Instructions for the task: In the records below, find the line that holds "HONDA FIT image 2". Restate it and every later line exactly, stopping at the end and skipping pictures.

:: Data extracts

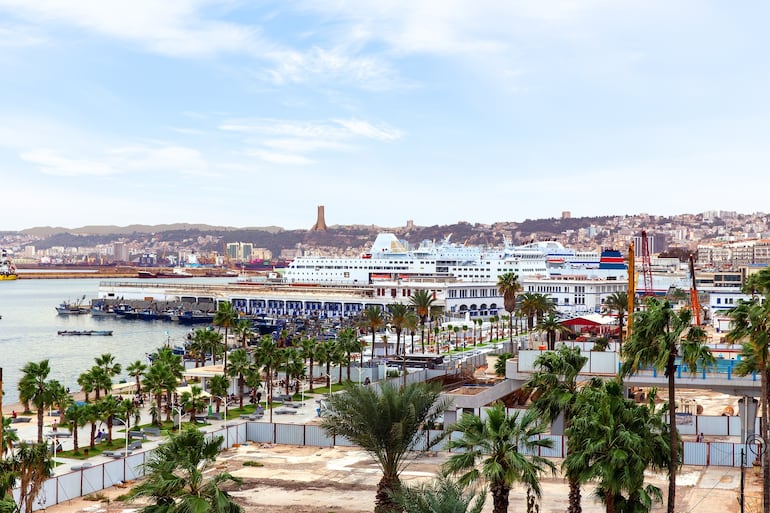 Costa central y el puerto marítimo de la ciudad de Argel. República de Argelia.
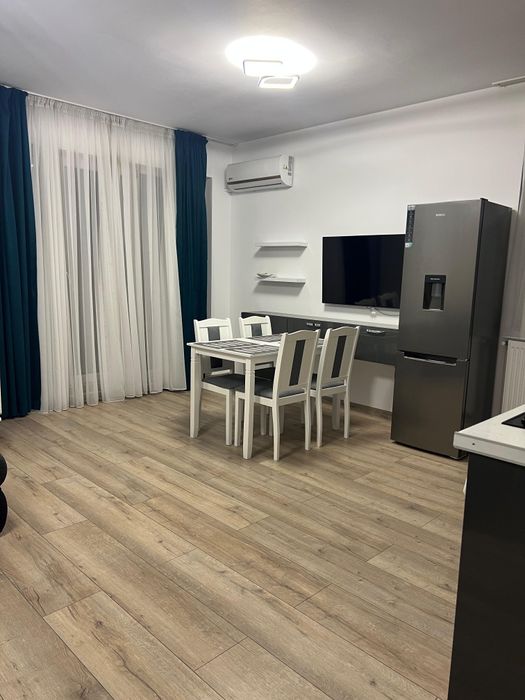 Vand  apartament , 2 camere, la Hanul cu Peste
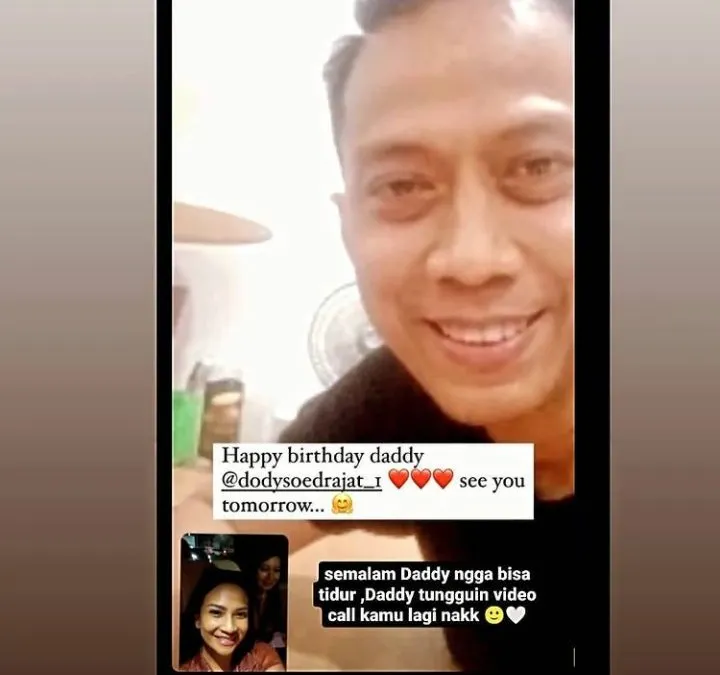 Tangkapan layar saat ayah Vanessa Angel Doddy Soedrajad mengunggah kembali momen video call dirinya dengan sang putri yang sudah meninggal karena kecelakaan.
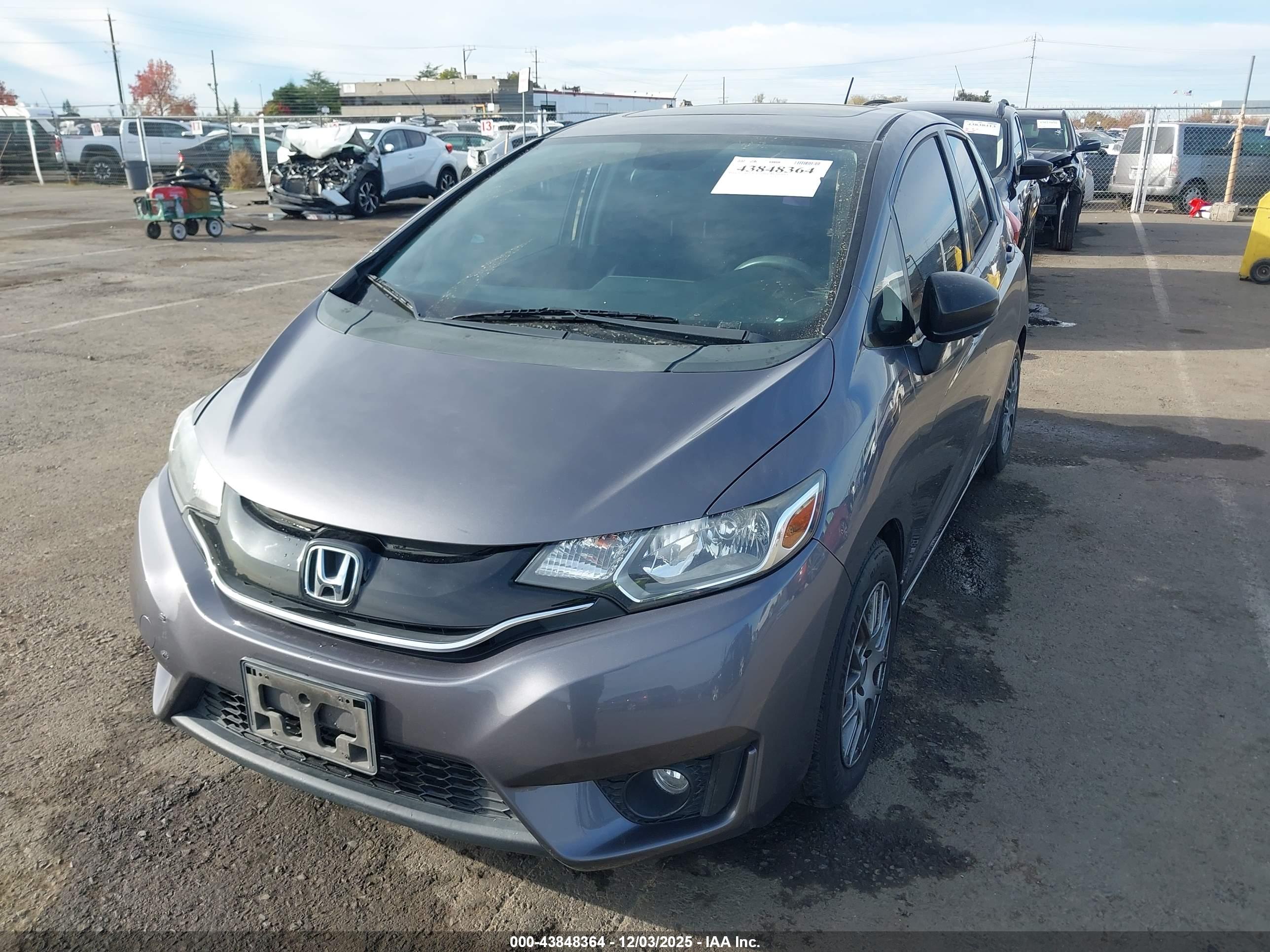 HONDA FIT image 2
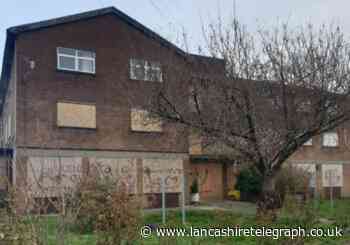 Group of youths try to gain access to abandoned and potentially dangerous building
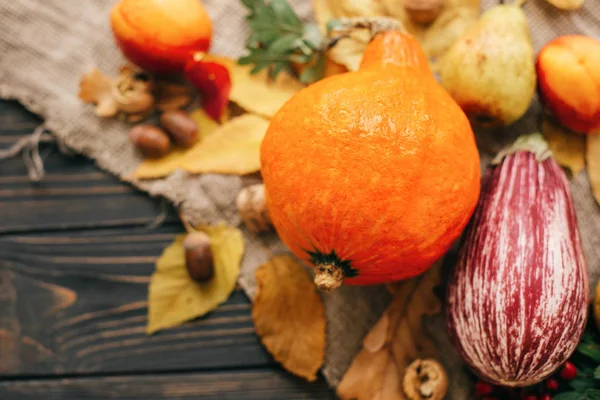 Счастливого Дня Благодарения Красивая Композиция Тыквы Осенние Овощи Красочными Листьями — стоковое фото
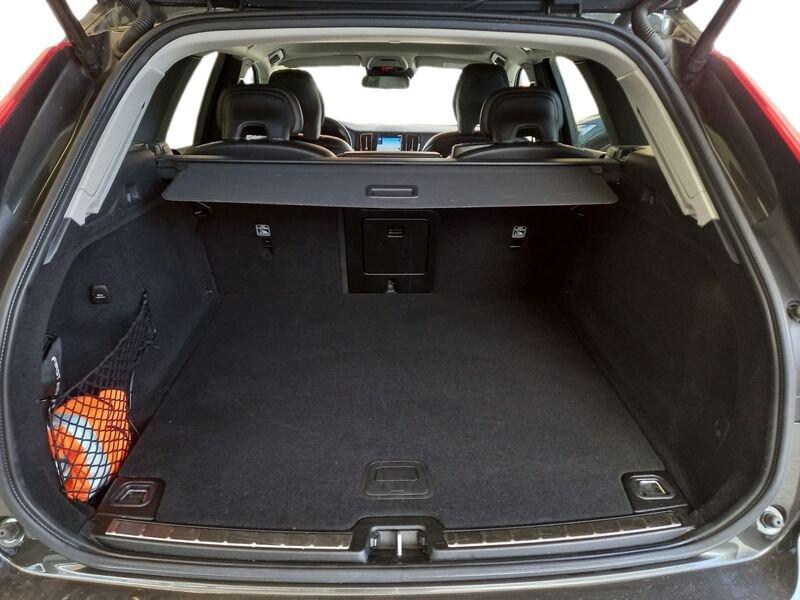 Volvo XC60 D4 190 CV Automatica NAVI LED Business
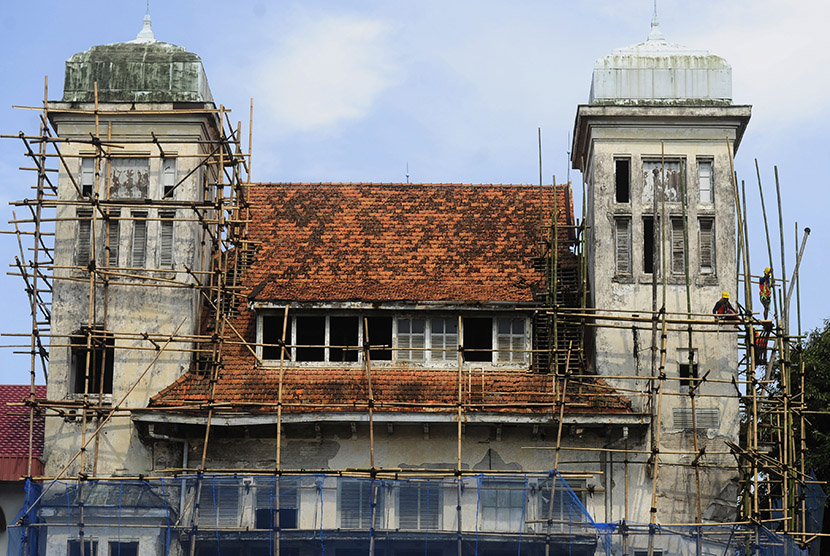 Pekerja menyelesaikan renovasi gedung di Kawasan Kota Tua Jakarta, Senin (28/12).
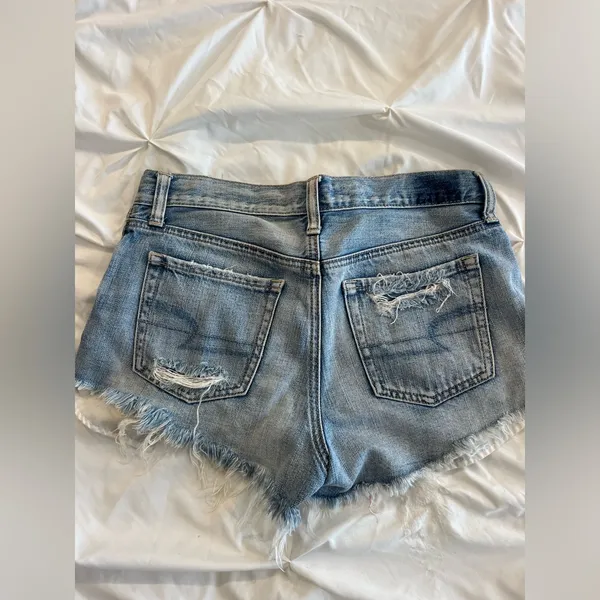American Eagle Outfitters Blue Distressed Jean Shorts - Image 3
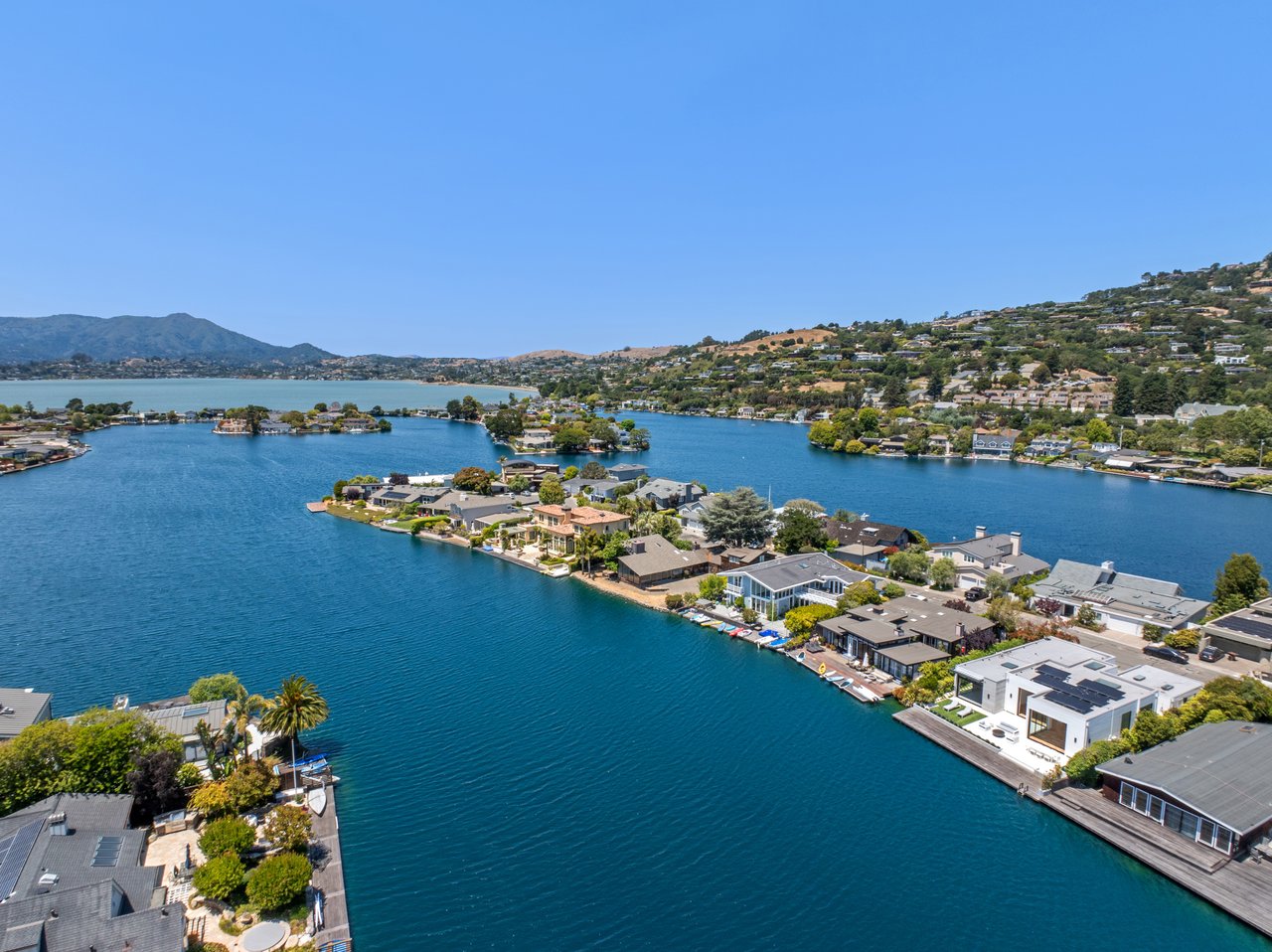 Contemporary Retreat on the Belvedere Lagoon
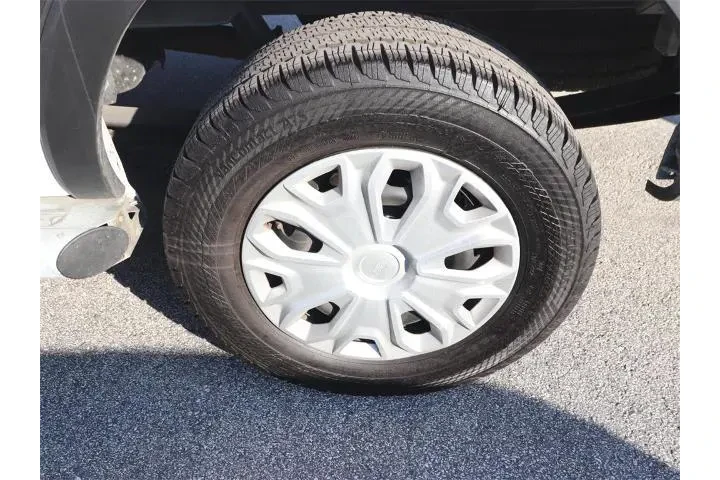 $32904 : Ford Transit 2024 250 3dr SW image 6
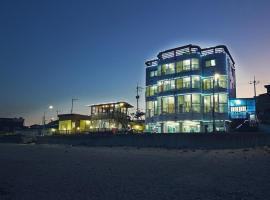 Pohang Ara Ocean View Pension，位于浦项的酒店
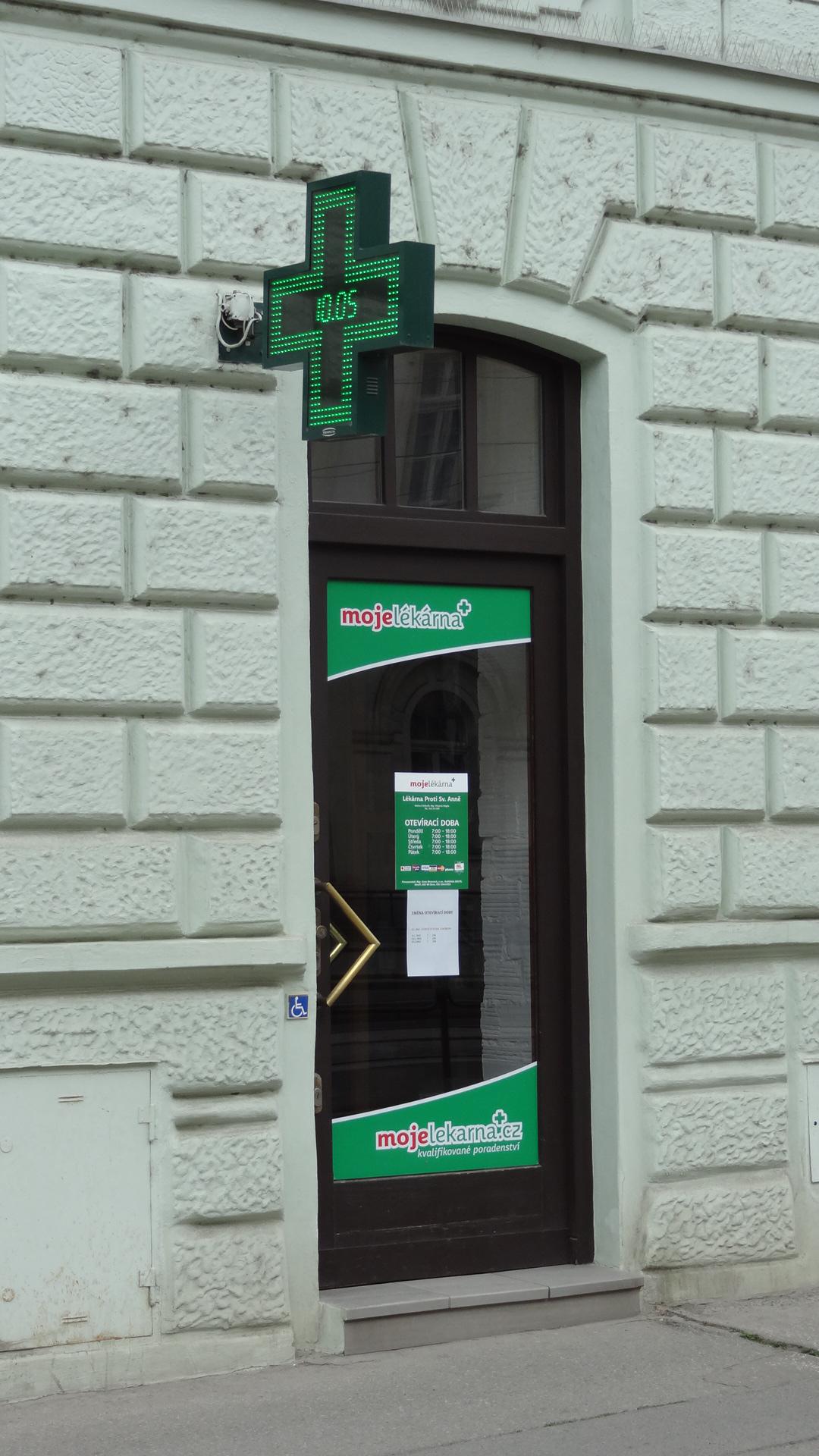 Lékárna Proti Sv. Anně foto 2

::::

Written response:
 HONDA FIT image 2
 Group of youths try to gain access to abandoned and potentially dangerous building
 Счастливого Дня Благодарения Красивая Композиция Тыквы Осенние Овощи Красочными Листьями — стоковое фото
 Volvo XC60 D4 190 CV Automatica NAVI LED Business
 Pekerja menyelesaikan renovasi gedung di Kawasan Kota Tua Jakarta, Senin (28/12).
American Eagle Outfitters Blue Distressed Jean Shorts - Image 3
 Contemporary Retreat on the Belvedere Lagoon
 $32904 : Ford Transit 2024 250 3dr SW image 6
 Pohang Ara Ocean View Pension，位于浦项的酒店
 Lékárna Proti Sv. Anně foto 2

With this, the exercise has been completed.